**Listed records:**

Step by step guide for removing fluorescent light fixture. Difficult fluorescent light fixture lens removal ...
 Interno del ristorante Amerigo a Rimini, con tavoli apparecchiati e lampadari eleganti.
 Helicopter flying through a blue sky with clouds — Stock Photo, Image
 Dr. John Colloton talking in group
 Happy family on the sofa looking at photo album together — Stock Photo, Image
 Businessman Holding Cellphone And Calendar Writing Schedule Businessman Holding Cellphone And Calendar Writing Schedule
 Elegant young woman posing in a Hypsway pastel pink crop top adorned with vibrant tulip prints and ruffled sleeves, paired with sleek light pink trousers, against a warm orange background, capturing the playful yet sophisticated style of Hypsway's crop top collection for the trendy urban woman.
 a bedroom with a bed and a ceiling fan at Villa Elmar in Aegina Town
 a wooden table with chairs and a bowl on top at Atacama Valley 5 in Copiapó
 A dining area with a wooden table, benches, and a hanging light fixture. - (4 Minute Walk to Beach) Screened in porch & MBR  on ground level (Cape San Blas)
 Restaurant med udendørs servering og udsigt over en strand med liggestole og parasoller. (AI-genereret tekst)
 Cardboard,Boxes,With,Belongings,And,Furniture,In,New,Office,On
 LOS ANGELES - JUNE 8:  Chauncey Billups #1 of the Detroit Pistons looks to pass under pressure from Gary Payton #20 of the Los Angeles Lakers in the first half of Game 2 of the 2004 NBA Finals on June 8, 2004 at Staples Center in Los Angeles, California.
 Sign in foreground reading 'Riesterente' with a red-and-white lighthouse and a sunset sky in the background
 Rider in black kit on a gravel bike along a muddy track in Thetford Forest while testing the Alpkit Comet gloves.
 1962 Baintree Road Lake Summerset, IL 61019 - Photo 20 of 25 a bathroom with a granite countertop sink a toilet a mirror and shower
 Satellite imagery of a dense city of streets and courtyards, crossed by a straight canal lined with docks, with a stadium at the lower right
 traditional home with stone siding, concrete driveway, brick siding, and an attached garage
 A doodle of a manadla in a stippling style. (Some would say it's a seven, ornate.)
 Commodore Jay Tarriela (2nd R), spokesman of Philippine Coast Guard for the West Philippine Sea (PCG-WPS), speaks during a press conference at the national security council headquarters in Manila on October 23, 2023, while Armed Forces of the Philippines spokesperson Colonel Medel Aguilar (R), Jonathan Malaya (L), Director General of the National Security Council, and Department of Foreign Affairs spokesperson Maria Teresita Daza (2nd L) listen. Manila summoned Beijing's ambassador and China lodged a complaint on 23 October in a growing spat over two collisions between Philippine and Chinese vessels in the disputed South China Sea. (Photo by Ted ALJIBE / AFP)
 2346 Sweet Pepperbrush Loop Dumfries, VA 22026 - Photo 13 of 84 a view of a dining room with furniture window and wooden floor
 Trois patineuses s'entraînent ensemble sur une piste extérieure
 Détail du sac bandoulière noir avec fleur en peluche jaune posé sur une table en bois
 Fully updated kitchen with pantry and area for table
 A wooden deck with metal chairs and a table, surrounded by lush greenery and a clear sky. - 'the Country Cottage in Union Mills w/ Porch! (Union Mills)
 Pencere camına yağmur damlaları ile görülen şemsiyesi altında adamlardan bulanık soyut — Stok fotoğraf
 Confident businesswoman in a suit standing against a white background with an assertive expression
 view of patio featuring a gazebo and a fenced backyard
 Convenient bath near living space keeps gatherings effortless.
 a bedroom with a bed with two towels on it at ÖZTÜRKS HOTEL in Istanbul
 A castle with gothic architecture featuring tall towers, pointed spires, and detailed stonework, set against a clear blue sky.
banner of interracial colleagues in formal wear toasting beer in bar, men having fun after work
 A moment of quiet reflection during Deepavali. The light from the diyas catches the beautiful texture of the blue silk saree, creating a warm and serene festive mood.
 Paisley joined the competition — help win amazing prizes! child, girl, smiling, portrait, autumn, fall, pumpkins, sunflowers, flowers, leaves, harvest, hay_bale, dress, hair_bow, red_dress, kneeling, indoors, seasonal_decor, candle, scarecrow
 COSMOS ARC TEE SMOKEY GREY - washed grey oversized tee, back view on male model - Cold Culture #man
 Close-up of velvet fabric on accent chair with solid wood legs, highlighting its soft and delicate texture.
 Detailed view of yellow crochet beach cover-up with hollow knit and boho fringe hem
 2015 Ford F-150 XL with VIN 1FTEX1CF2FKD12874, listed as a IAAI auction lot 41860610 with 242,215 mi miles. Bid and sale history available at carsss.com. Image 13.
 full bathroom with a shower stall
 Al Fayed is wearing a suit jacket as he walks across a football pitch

**What to produce:**
Line by line, the data should be returned exactly as written.

**Answer for this exercise:**
Step by step guide for removing fluorescent light fixture. Difficult fluorescent light fixture lens removal ...
 Interno del ristorante Amerigo a Rimini, con tavoli apparecchiati e lampadari eleganti.
 Helicopter flying through a blue sky with clouds — Stock Photo, Image
 Dr. John Colloton talking in group
 Happy family on the sofa looking at photo album together — Stock Photo, Image
 Businessman Holding Cellphone And Calendar Writing Schedule Businessman Holding Cellphone And Calendar Writing Schedule
 Elegant young woman posing in a Hypsway pastel pink crop top adorned with vibrant tulip prints and ruffled sleeves, paired with sleek light pink trousers, against a warm orange background, capturing the playful yet sophisticated style of Hypsway's crop top collection for the trendy urban woman.
 a bedroom with a bed and a ceiling fan at Villa Elmar in Aegina Town
 a wooden table with chairs and a bowl on top at Atacama Valley 5 in Copiapó
 A dining area with a wooden table, benches, and a hanging light fixture. - (4 Minute Walk to Beach) Screened in porch & MBR  on ground level (Cape San Blas)
 Restaurant med udendørs servering og udsigt over en strand med liggestole og parasoller. (AI-genereret tekst)
 Cardboard,Boxes,With,Belongings,And,Furniture,In,New,Office,On
 LOS ANGELES - JUNE 8:  Chauncey Billups #1 of the Detroit Pistons looks to pass under pressure from Gary Payton #20 of the Los Angeles Lakers in the first half of Game 2 of the 2004 NBA Finals on June 8, 2004 at Staples Center in Los Angeles, California.
 Sign in foreground reading 'Riesterente' with a red-and-white lighthouse and a sunset sky in the background
 Rider in black kit on a gravel bike along a muddy track in Thetford Forest while testing the Alpkit Comet gloves.
 1962 Baintree Road Lake Summerset, IL 61019 - Photo 20 of 25 a bathroom with a granite countertop sink a toilet a mirror and shower
 Satellite imagery of a dense city of streets and courtyards, crossed by a straight canal lined with docks, with a stadium at the lower right
 traditional home with stone siding, concrete driveway, brick siding, and an attached garage
 A doodle of a manadla in a stippling style. (Some would say it's a seven, ornate.)
 Commodore Jay Tarriela (2nd R), spokesman of Philippine Coast Guard for the West Philippine Sea (PCG-WPS), speaks during a press conference at the national security council headquarters in Manila on October 23, 2023, while Armed Forces of the Philippines spokesperson Colonel Medel Aguilar (R), Jonathan Malaya (L), Director General of the National Security Council, and Department of Foreign Affairs spokesperson Maria Teresita Daza (2nd L) listen. Manila summoned Beijing's ambassador and China lodged a complaint on 23 October in a growing spat over two collisions between Philippine and Chinese vessels in the disputed South China Sea. (Photo by Ted ALJIBE / AFP)
 2346 Sweet Pepperbrush Loop Dumfries, VA 22026 - Photo 13 of 84 a view of a dining room with furniture window and wooden floor
 Trois patineuses s'entraînent ensemble sur une piste extérieure
 Détail du sac bandoulière noir avec fleur en peluche jaune posé sur une table en bois
 Fully updated kitchen with pantry and area for table
 A wooden deck with metal chairs and a table, surrounded by lush greenery and a clear sky. - 'the Country Cottage in Union Mills w/ Porch! (Union Mills)
 Pencere camına yağmur damlaları ile görülen şemsiyesi altında adamlardan bulanık soyut — Stok fotoğraf
 Confident businesswoman in a suit standing against a white background with an assertive expression
 view of patio featuring a gazebo and a fenced backyard
 Convenient bath near living space keeps gatherings effortless.
 a bedroom with a bed with two towels on it at ÖZTÜRKS HOTEL in Istanbul
 A castle with gothic architecture featuring tall towers, pointed spires, and detailed stonework, set against a clear blue sky.
banner of interracial colleagues in formal wear toasting beer in bar, men having fun after work
 A moment of quiet reflection during Deepavali. The light from the diyas catches the beautiful texture of the blue silk saree, creating a warm and serene festive mood.
 Paisley joined the competition — help win amazing prizes! child, girl, smiling, portrait, autumn, fall, pumpkins, sunflowers, flowers, leaves, harvest, hay_bale, dress, hair_bow, red_dress, kneeling, indoors, seasonal_decor, candle, scarecrow
 COSMOS ARC TEE SMOKEY GREY - washed grey oversized tee, back view on male model - Cold Culture #man
 Close-up of velvet fabric on accent chair with solid wood legs, highlighting its soft and delicate texture.
 Detailed view of yellow crochet beach cover-up with hollow knit and boho fringe hem
 2015 Ford F-150 XL with VIN 1FTEX1CF2FKD12874, listed as a IAAI auction lot 41860610 with 242,215 mi miles. Bid and sale history available at carsss.com. Image 13.
 full bathroom with a shower stall
 Al Fayed is wearing a suit jacket as he walks across a football pitch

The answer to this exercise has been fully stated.